By Dr Samar Verma*
Global South Needs India’s Smart MC14 Strategy
As the World Trade Organization’s 14th Ministerial Conference approaches, the central question is no longer whether the multilateral trading system is under stress. That is already evident. The more consequential question is whether the WTO’s Ministerial Conference (MC14), to be held between March 26–29, 2026 in Yaoundé, Cameroon, can still restore confidence that the system remains capable of serving development, especially for the Global South.
The World Trade and Development Report 2026, published by Research and Information System for Developing Countries (RIS), frames the moment as one in which the “already significant and rapidly expanding stake of the Global South” in trade and trade rules can no longer be treated as peripheral to WTO reform. The Consumer Unity & Trust Society (CUTS) compilation of articles by eminent experts on trade policy, published since September, 2025 under the tag line ‘TradeOff, prepared in the run-up to MC14, makes a complementary point: India’s choices will matter not only for its own trade future, but for the credibility of a more inclusive WTO.

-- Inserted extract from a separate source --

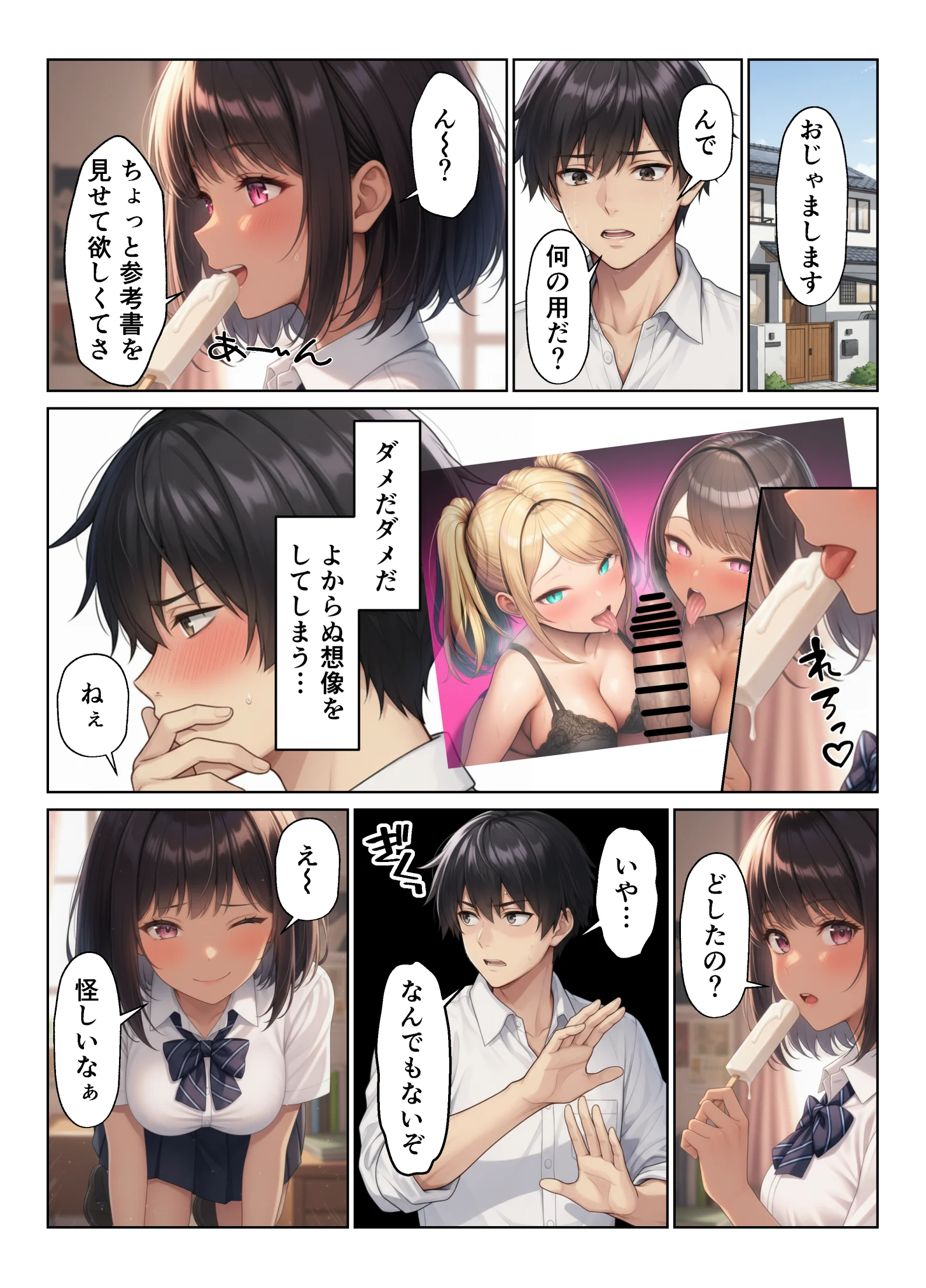 幼馴染が急にエロくなった件 制服・学園もの・巨乳 サンプル11ページ目（ヌキっぱなし）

That is the right frame for MC14. For many developed economies, the WTO may increasingly be one forum among several. For much of the Global South, it remains fundamental: the only universal, rules-based arena in which weaker countries can still negotiate, contest, and occasionally constrain the preferences of stronger ones. CUTS rightly notes that, for the developing world, the WTO has historically functioned as a safeguard against rules being dictated solely by the powerful. If that function weakens further, the costs will not be borne evenly.
The empirical backdrop is worth recalling. The WTO’s World Trade Report 2024 shows that, since the mid-1990s, global per capita income rose by about 65 per cent, while per capita income in low- and middle-income economies nearly tripled. Their share in global trade also expanded significantly, and trade between developing economies rose from a marginal share of world merchandise trade to a far more consequential one. Yet the same report cautions that trade has not benefited all economies, regions, and groups equally, and that openness must be complemented by domestic policies if its gains are to become more inclusive. That dual insight is crucial: trade matters, but the quality of rules and the distribution of policy space matter just as much.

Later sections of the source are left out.